This post comes from guest blogger, Carolyn Browder, a masters degree candidate at Peabody College, Vanderbilt University:
The parents say they are not staging the boycott for a specific political purpose or targeting any administrators. Rather, they are trying to advocate for parent involvement in the local schools. Many of the parents participating in the Brooklyn boycott are considered low-income, and advocates say this is an excellent way for low-income parents to be more active decision makers in their children's education. Parents are observing the negative effect the testing environment can often have on a child, and they are seizing the opportunity to not only improve conditions for their children but for teachers as well.
Here's the problem: many school districts cannot send children into the next grade without standardized testing evidence supporting the child's academic proficiency at grade level. One parent quoted in the article recalls that when her son abstained from standardized testing, his teacher gave her endorsement to have the child moved into the next grade, but it was not until they received approval from the superintendent that the child was allowed to proceed in his education without test scores in his portfolio. It takes a brave parent to create these hurdles for their child in a system that is perpetually too bogged down to individually approve every student at the superintendent's level. What if, however, testing abstinence becomes a trend? If enough parents swamp the system with appeals for grade progression will the teacher's consent to allow the child to more forward become substantial approval?

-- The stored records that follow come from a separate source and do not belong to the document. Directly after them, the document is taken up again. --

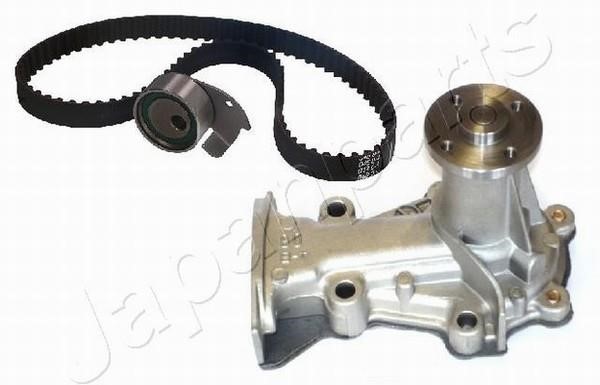 Japanparts SKD-697 TIMING BELT KIT WITH WATER PUMP SKD697: Buy near me in Poland at 2407.PL - Good price!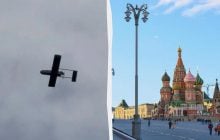 Москву знову атакують десятки українських дронів: у РФ заявляють про збиття понад 30 БПЛА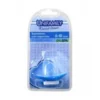 Unifamily Succhietto Succh+Cuore Blu 18+ Mesi Silicone
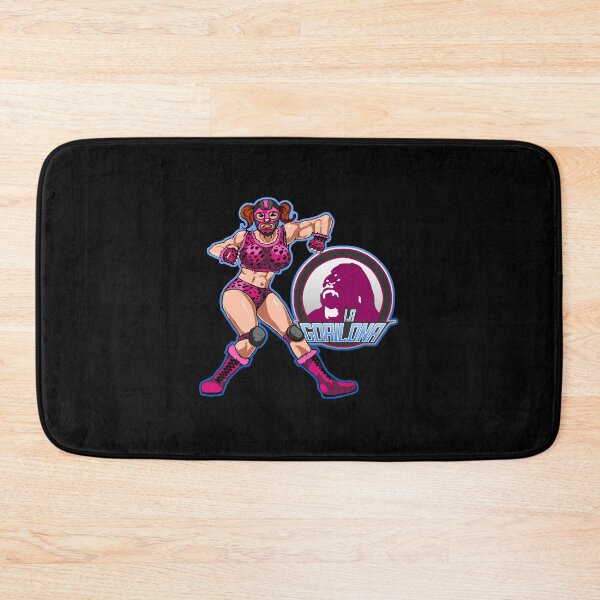 Item preview, la gorilona designed and sold by DDDStudio.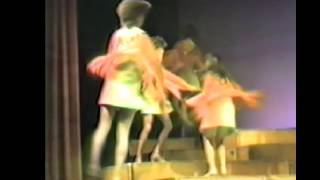 UWP Cast-D Bend Oregon Nov 1981 3of10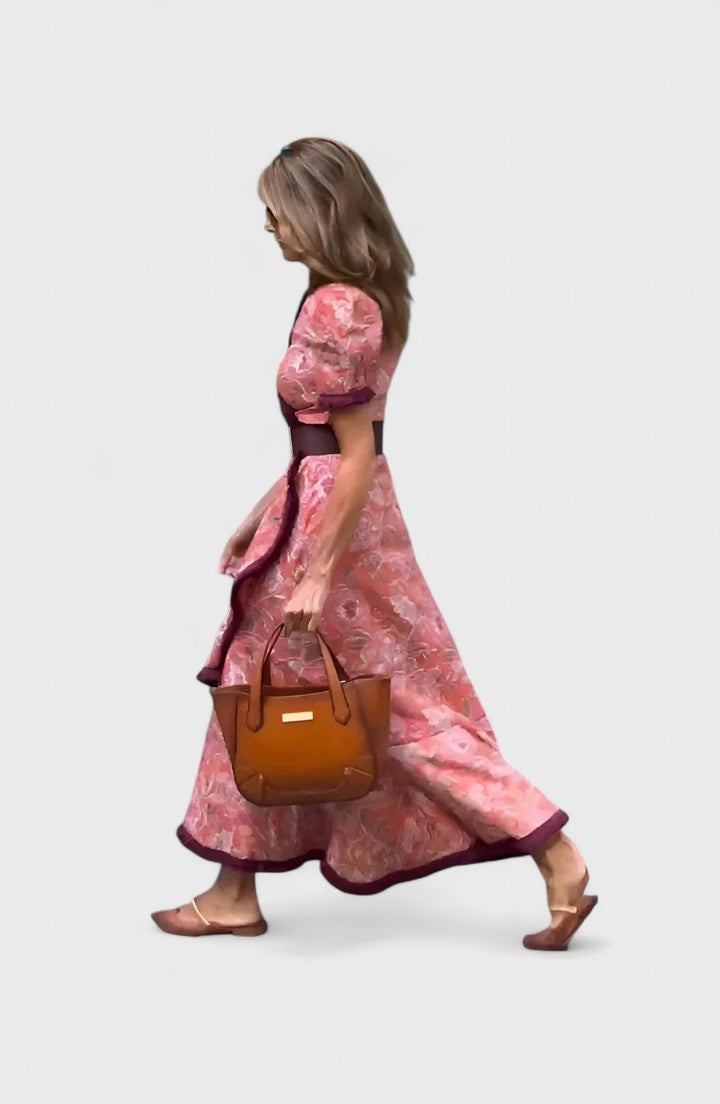 Sydney | Maxi Dress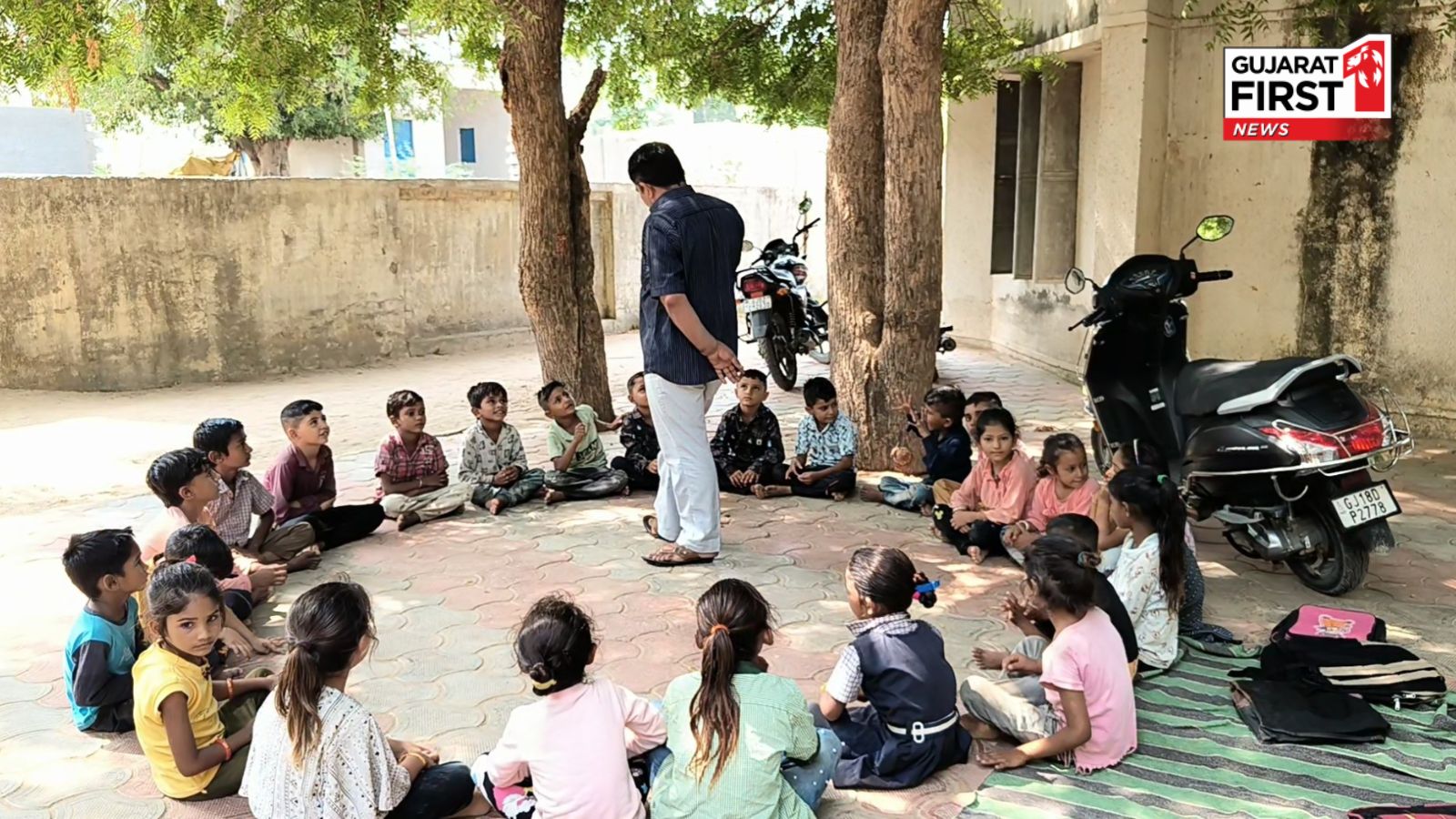 Gujarat First Reality Check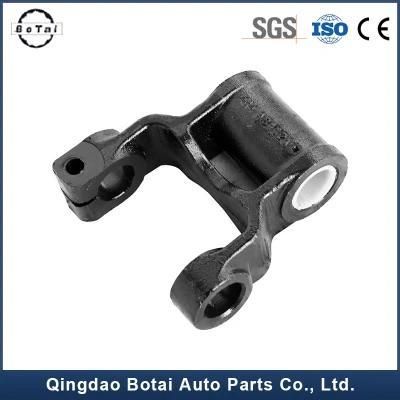 Truck Parts Sand Casting Ductile Iron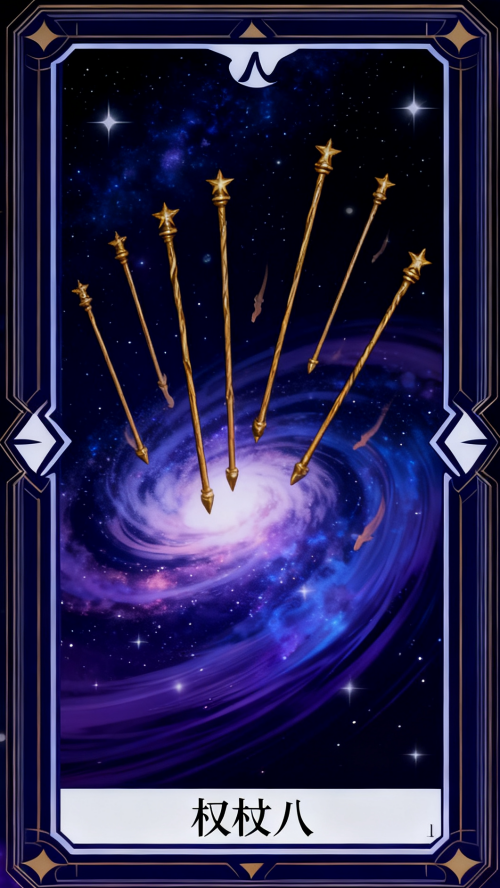 权杖8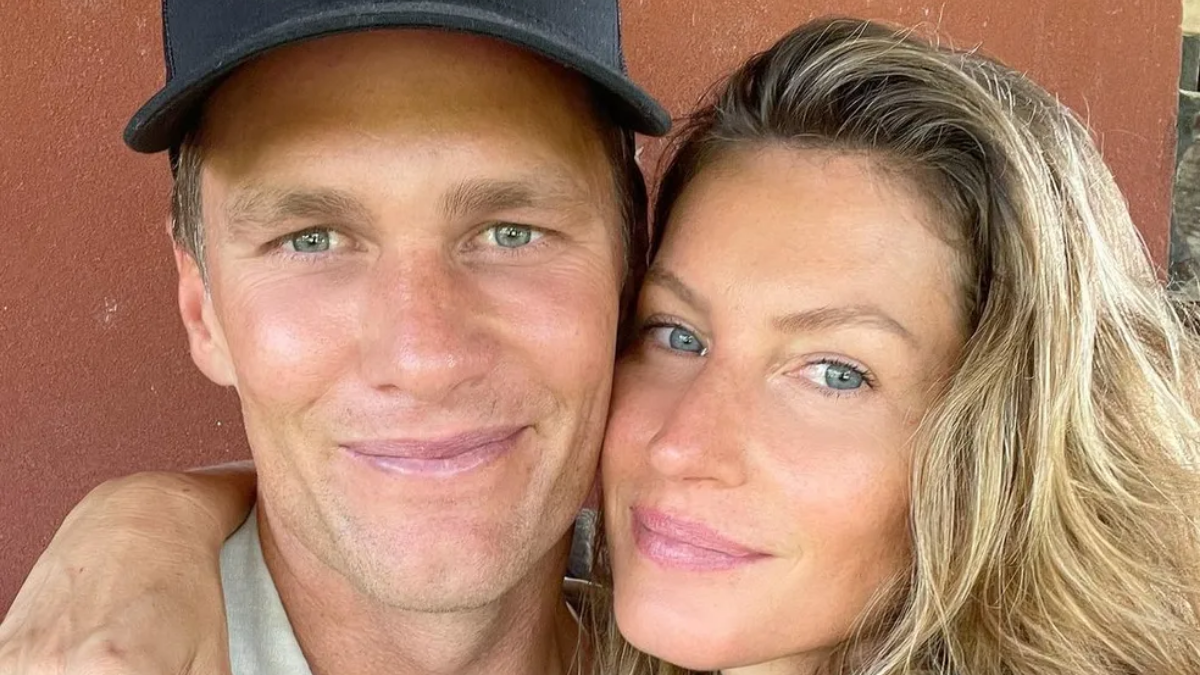 Tom Brady chora ao lembrar divórcio com Gisele: "Implorei, mas era tarde"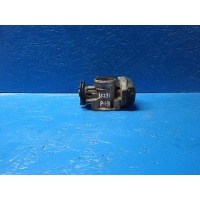 Заслонка дроссельная механическая Chevrolet Lacetti I (2004—2013) XUUNF197J80012571 2007 96394330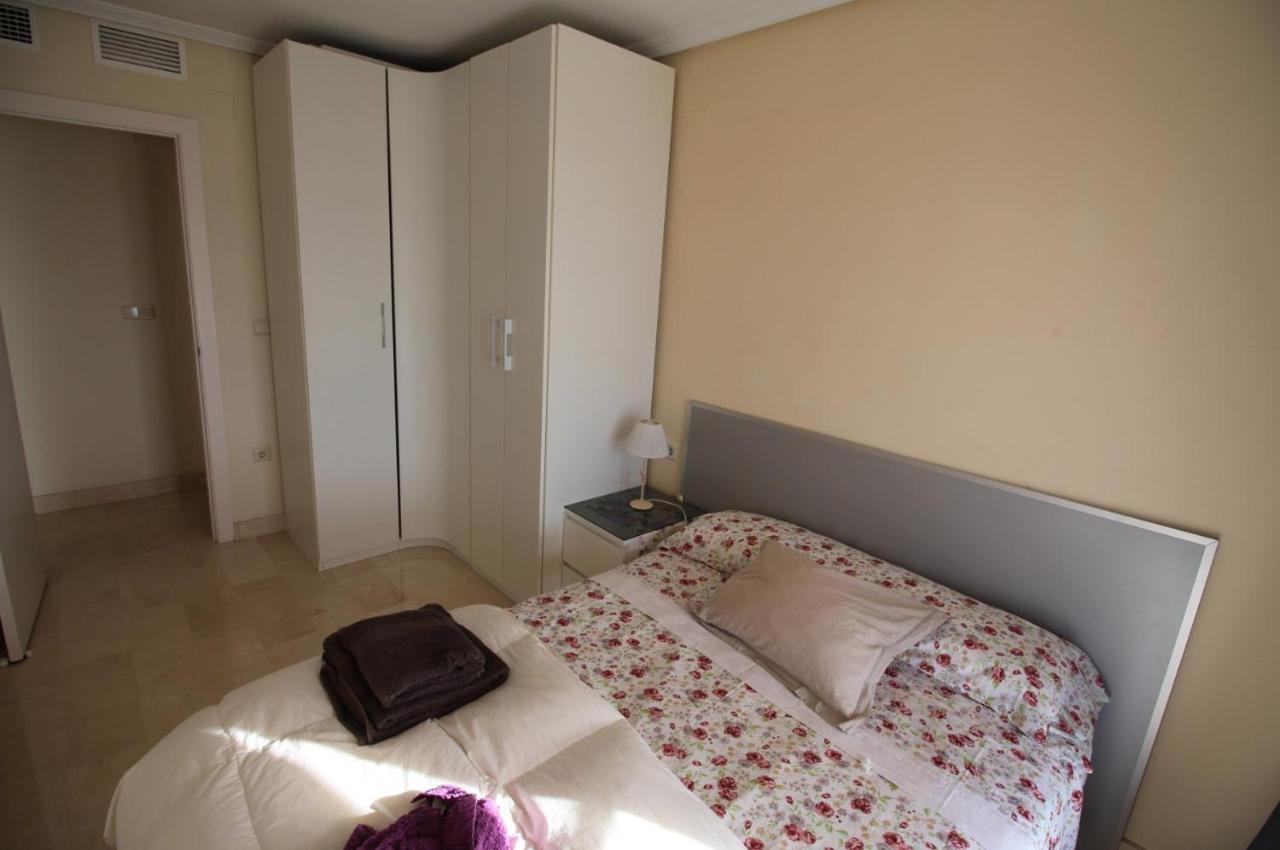 Postiguet Apartment Alicante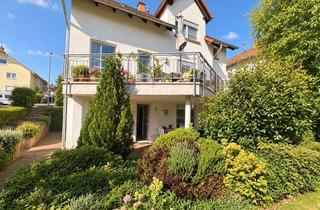 Wohnung mieten in Alleestraße 53, 66292 Riegelsberg, 2-Zimmer-Wohnung in Riegelsberg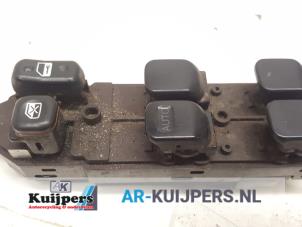 Used Multi-functional window switch Lexus IS (E2) 200 2.0 24V Price € 24,00 Margin scheme offered by Autorecycling Kuijpers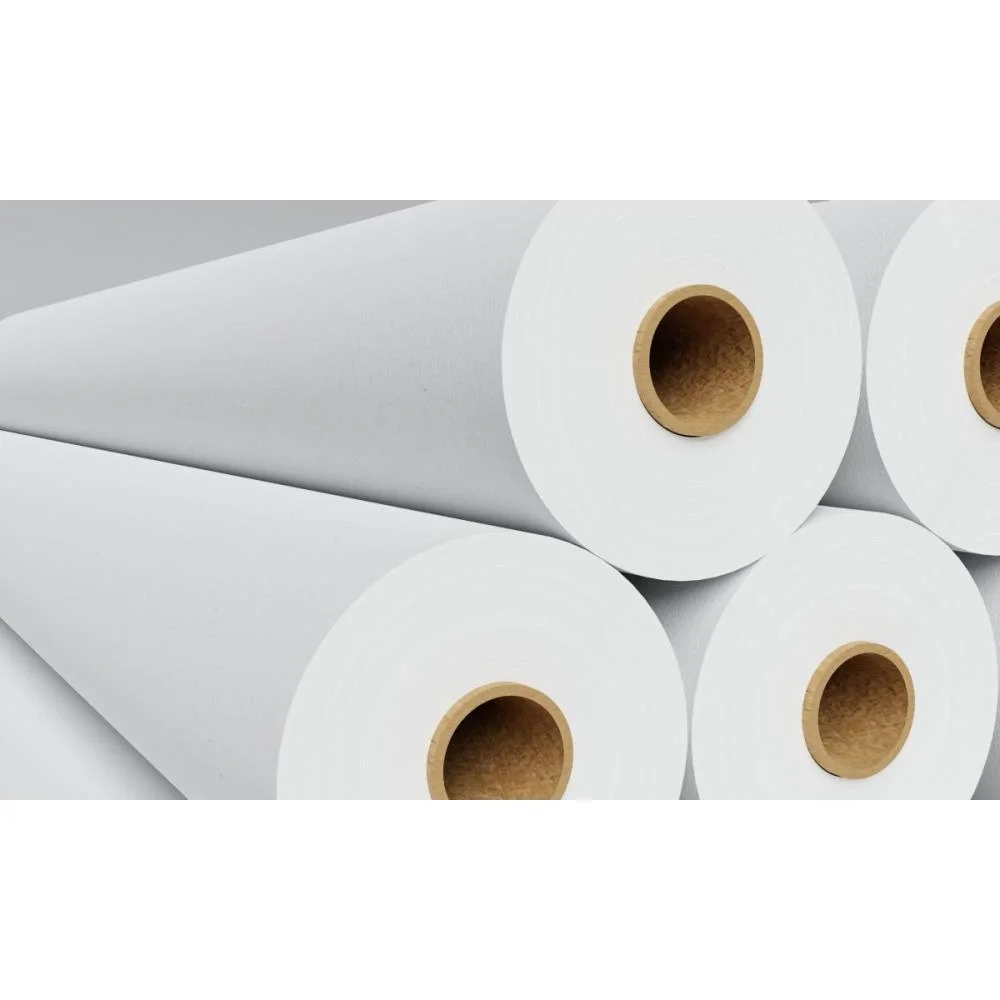Bobina Plotter Offset 610Mm X 50M 75Grs Creative (Unidade) - imagem 4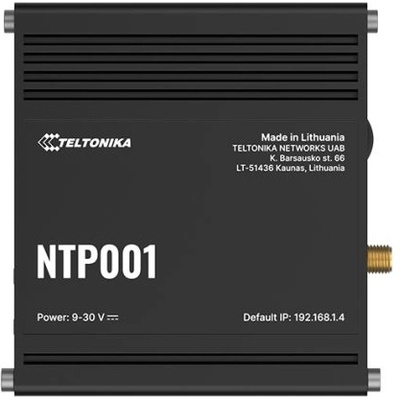 Teltonika NTP001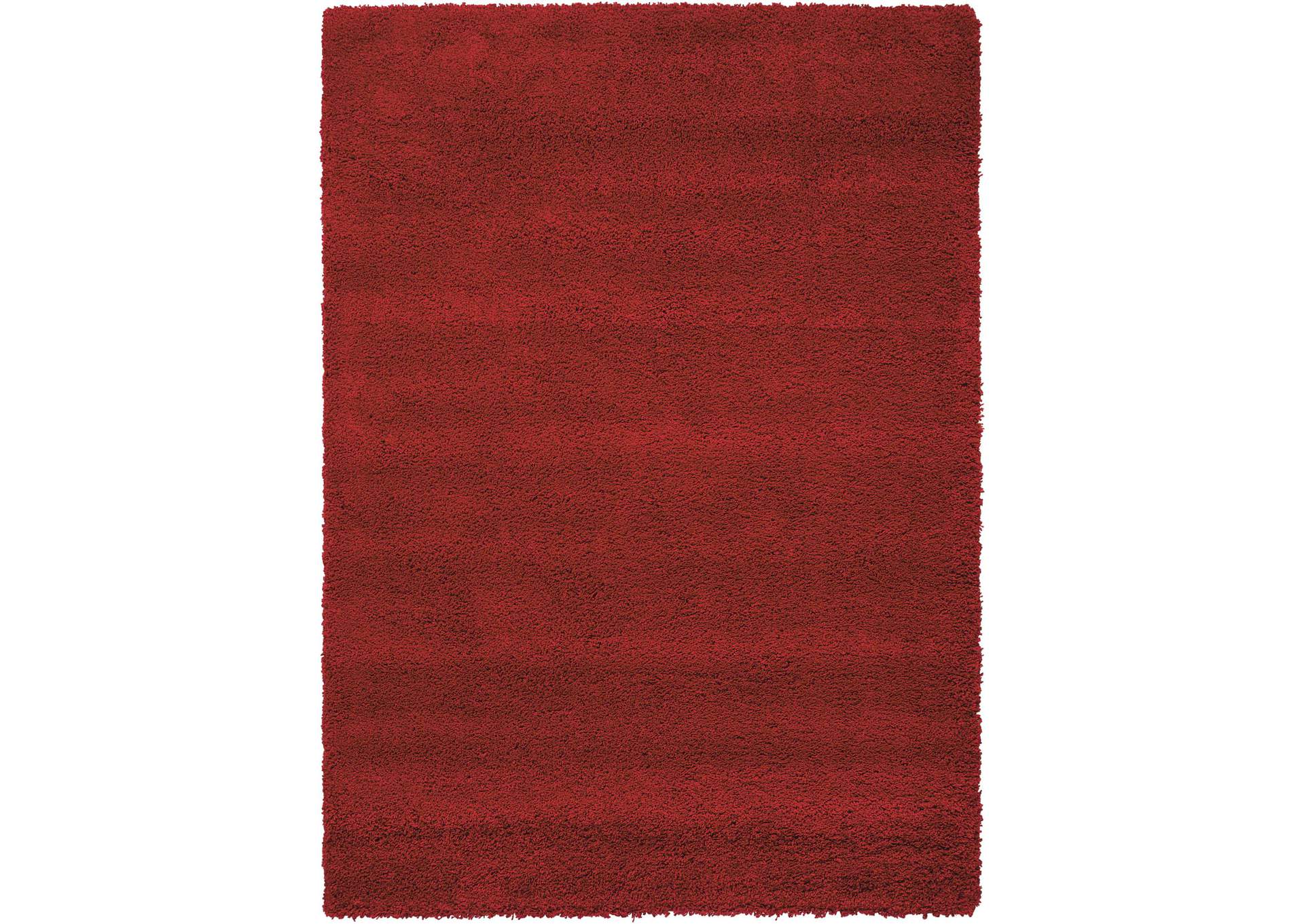 Nourison Amore AMOR1 Red 5'x8' Area Rug,Nourison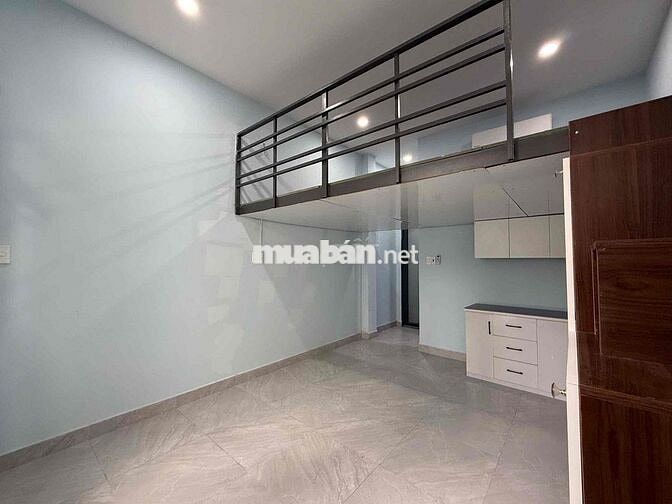 🔥DỰ ÁN MỚI PHÒNG DUPLEX, BAN CÔNG🔥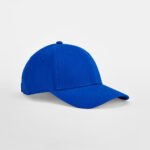 EarthAware® Junior Clas. Org. Cotton 6 Panel Cap – Bild 6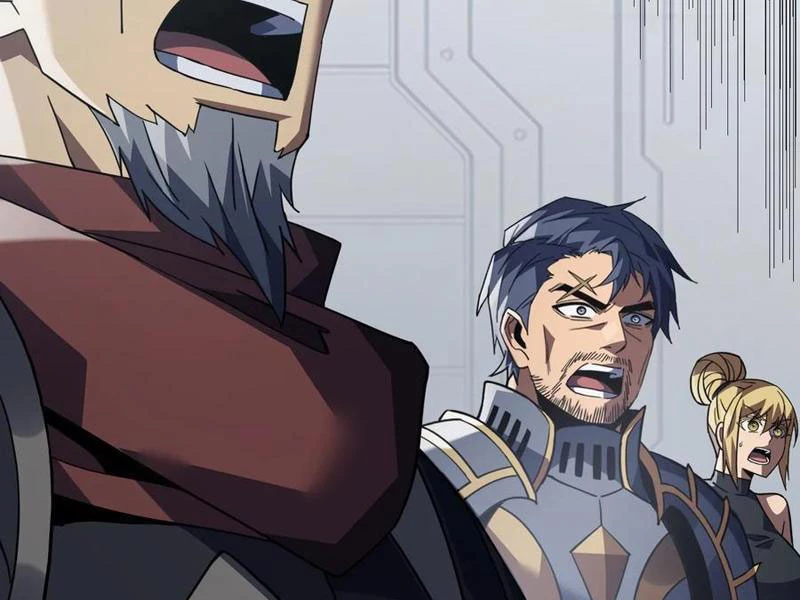 Mệnh Luân Chi Chủ! Khi Dị Biến Giáng Lâm Nhân Gian! Chapter 128 - 90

I struggle to imagine myself placing my child in a situation where he or she could be disadvantaged on the day to day as a result of my own ideological pursuits, but it seems as though real change cannot be made until someone throws a wrench in the system. If these parents are correct in their assumption that more low-income parents in these areas combating standardized testing will take on greater responsibility as advocates against the system, perhaps adjustments will be made and students and teacher evaluation reform will result. Now advocates for evaluation reform must cross their fingers and hope more parents will be willing to take the risk.